→ **Work order**
All that is wanted is an exact copy of the line containing "Медосмотр реклама. Медицинский" and the lines after it, through the end of the records.

→ **Excerpted data**
:::
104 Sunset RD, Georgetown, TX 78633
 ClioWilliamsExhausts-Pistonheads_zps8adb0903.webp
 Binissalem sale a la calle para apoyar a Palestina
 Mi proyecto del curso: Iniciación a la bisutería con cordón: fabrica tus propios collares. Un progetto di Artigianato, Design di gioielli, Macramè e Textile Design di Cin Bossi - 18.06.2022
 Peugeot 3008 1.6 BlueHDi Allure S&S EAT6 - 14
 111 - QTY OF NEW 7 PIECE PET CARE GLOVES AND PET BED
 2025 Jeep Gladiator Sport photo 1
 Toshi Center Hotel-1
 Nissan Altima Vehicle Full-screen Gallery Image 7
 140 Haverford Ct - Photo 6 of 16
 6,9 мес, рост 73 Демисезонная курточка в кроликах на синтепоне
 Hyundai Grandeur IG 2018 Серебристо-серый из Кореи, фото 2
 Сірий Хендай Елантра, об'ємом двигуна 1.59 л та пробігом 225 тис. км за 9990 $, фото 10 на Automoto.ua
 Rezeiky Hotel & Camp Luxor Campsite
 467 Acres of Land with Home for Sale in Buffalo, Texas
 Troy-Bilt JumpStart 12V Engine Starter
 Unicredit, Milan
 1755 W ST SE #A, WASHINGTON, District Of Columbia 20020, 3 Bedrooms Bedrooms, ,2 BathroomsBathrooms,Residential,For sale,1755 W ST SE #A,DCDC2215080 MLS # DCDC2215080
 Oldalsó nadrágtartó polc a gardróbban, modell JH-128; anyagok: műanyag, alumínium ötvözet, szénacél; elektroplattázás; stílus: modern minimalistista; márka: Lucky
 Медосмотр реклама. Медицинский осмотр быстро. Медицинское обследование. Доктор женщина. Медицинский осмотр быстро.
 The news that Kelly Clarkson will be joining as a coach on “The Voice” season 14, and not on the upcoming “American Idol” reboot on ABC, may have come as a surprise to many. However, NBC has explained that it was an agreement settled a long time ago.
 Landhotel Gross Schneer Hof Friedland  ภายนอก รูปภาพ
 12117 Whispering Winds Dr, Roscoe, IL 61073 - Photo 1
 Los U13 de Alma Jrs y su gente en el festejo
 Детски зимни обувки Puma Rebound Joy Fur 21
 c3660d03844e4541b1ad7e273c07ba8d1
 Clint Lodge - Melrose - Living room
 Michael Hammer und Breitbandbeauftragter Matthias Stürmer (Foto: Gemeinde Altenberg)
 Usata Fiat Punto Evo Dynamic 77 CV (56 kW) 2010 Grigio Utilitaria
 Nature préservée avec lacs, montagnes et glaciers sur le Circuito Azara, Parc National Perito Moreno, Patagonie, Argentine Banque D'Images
:::
→ **The answer**
 Медосмотр реклама. Медицинский осмотр быстро. Медицинское обследование. Доктор женщина. Медицинский осмотр быстро.
 The news that Kelly Clarkson will be joining as a coach on “The Voice” season 14, and not on the upcoming “American Idol” reboot on ABC, may have come as a surprise to many. However, NBC has explained that it was an agreement settled a long time ago.
 Landhotel Gross Schneer Hof Friedland  ภายนอก รูปภาพ
 12117 Whispering Winds Dr, Roscoe, IL 61073 - Photo 1
 Los U13 de Alma Jrs y su gente en el festejo
 Детски зимни обувки Puma Rebound Joy Fur 21
 c3660d03844e4541b1ad7e273c07ba8d1
 Clint Lodge - Melrose - Living room
 Michael Hammer und Breitbandbeauftragter Matthias Stürmer (Foto: Gemeinde Altenberg)
 Usata Fiat Punto Evo Dynamic 77 CV (56 kW) 2010 Grigio Utilitaria
 Nature préservée avec lacs, montagnes et glaciers sur le Circuito Azara, Parc National Perito Moreno, Patagonie, Argentine Banque D'Images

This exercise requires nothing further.